Runzhang Xu Harbin Engineering University Peoples Rep of China Co-Author(s):

Abstract: In this talk, we are concerned with the description of global quantitative stability of wave equations with linear strong damping and linear or nonlinear weak damping. By giving some energy decay estimates, we obtain several conclusions about the continuous dependence of the global solution on the initial data and the coefficients of the strong damping term and linear or nonlinear weak damping term. This work also establishes a new idea to use the dissipative effect to obtain the better continuous dependence conclusions, which also reflect the dissipative properties of the solution.

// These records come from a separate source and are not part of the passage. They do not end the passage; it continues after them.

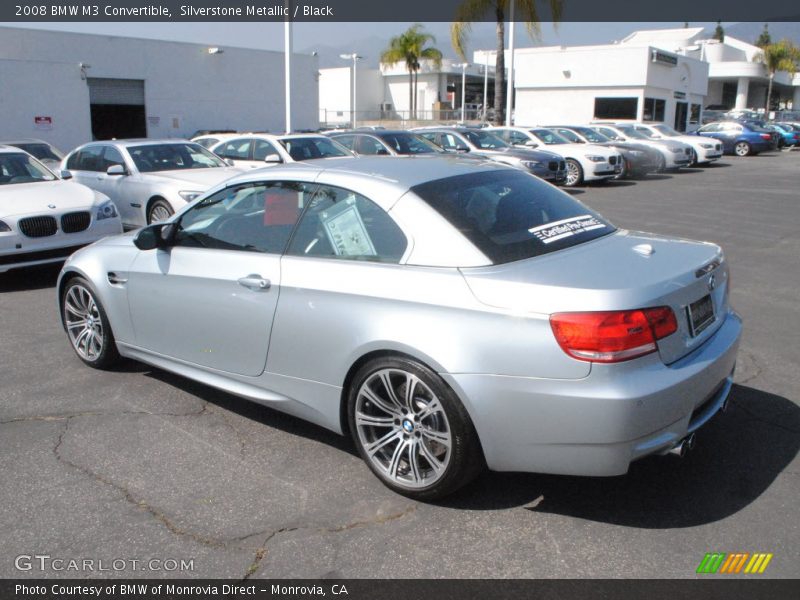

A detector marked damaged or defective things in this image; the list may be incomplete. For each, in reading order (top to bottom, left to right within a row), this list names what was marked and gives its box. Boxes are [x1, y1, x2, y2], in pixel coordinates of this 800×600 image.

cracked pavement [0, 152, 796, 580]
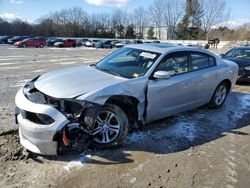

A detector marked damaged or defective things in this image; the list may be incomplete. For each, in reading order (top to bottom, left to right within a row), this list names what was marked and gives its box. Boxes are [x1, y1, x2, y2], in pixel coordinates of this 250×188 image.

crumpled front bumper [14, 88, 69, 156]
damaged hood [34, 65, 127, 98]
damaged silver sedan [15, 44, 238, 156]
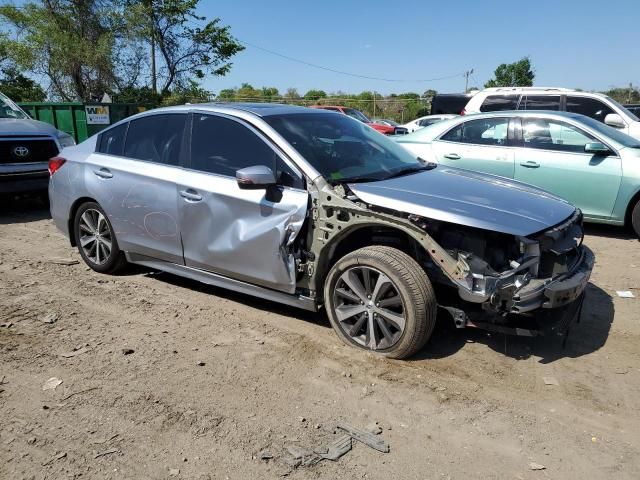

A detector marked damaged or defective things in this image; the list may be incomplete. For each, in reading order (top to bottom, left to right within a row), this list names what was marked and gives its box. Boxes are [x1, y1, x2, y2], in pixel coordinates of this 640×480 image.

Recent progresses on stochastic Zakharov systems

Deng Zhang Shanghai Jiao Tong University Peoples Rep of China Co-Author(s):    Deng Zhang

Abstract: In this talk we review very recent progresses on stochastic Zakharov systems in dimensions three and four. The Zakharov system couples Schroedinger and wave equations, and reaches the energy criticality in dimension four. We will mainly show the global well-posedness below the ground state and the noise regularization effects on blow-up and scattering dynamics. This talk is based on joint works with Sebastian Herr, Michael Roeckner and Martin Spitz.